Last year, the Republican-controlled House sparred internally over how to eliminate $130 billion in discretionary spending to avoid a government shutdown. Lawmakers ultimately passed stopgap bills to prevent dramatic cuts from being implemented.
Previous efforts to reduce government spending have yielded few results. In 1982, President Reagan tapped J. Peter Grace, the CEO of W.R. Grace & Co., to rein in spending. He recommended 2,500 reforms, most of which were never implemented, including several that would have required legislation from Congress.
In the 1990s, President Clinton created the National Performance Review to create a less costly government. The panel streamlined some operations and cut 300,000 government jobs, but its efforts were only a sliver of overall government spending.

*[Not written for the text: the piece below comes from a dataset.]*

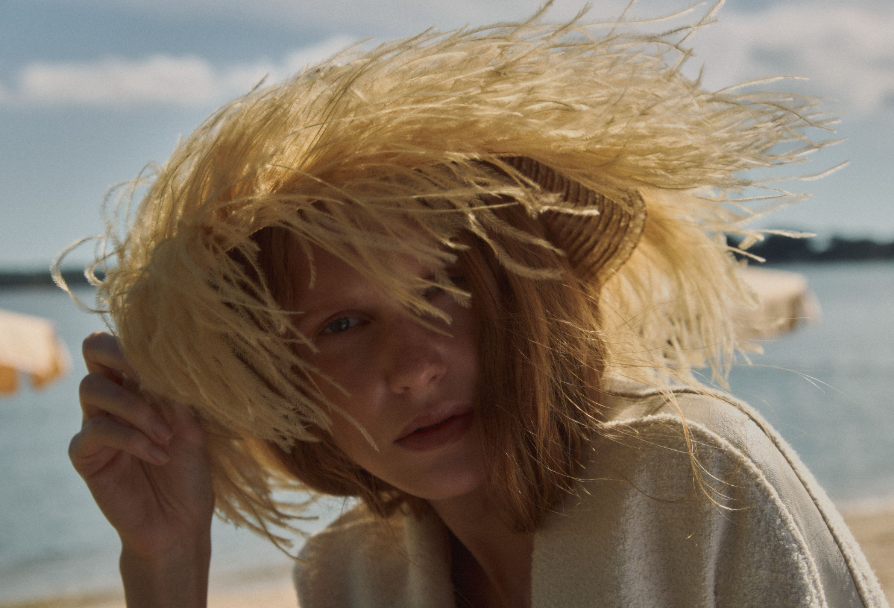 feathered hat, feathery accessory, dramatic hat, summer hat, spring accessory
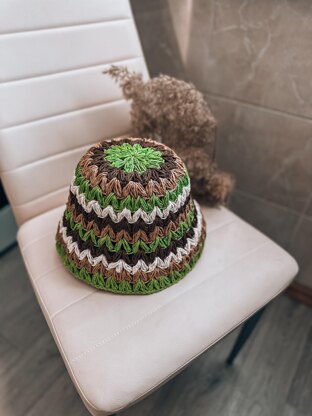 Pistachio hat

In 2010, President Obama created an 18-member commission headed by Republican Sen. Alan Simpson and Clinton White House Chief of Staff Erskine Bowles to propose ideas to lower spending and reduce the deficit. The commission’s recommendations went nowhere.
Its proposals couldn’t even gain support among the commission’s members. They needed the votes of 14 members for approval but received only 11.